◆ Exercise goal ◆
For every line below that includes the word "Avenue", add one; report the final number and nothing else.

◆ Materials provided ◆

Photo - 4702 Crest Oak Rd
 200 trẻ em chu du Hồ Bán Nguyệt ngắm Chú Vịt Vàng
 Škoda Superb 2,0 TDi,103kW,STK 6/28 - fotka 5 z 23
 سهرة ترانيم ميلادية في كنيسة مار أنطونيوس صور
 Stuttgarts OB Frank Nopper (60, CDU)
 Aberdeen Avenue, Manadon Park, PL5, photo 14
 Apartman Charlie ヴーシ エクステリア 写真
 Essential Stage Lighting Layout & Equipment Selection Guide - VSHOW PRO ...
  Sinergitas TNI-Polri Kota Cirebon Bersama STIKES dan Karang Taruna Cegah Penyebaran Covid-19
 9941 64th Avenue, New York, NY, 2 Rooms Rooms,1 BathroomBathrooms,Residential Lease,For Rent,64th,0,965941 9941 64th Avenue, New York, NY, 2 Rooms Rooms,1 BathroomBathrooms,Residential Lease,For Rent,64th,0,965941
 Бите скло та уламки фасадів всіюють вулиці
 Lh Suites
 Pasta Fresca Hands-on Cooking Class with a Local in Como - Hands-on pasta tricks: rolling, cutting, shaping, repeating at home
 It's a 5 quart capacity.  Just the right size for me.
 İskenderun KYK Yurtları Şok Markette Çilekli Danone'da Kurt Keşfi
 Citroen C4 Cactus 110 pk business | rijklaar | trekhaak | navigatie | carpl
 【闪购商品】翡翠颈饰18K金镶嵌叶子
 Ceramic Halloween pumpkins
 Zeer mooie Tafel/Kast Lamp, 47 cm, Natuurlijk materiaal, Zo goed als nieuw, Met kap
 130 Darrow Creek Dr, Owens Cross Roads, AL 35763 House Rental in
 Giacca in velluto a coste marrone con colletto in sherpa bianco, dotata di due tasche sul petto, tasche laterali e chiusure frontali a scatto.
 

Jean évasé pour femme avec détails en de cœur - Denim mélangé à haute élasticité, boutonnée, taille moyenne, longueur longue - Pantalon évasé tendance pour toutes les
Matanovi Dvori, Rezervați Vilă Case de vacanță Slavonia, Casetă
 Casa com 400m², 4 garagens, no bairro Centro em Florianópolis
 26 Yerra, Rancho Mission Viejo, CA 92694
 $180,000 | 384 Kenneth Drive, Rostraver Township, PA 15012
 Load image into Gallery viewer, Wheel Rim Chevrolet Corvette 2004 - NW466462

◆ Task response ◆
2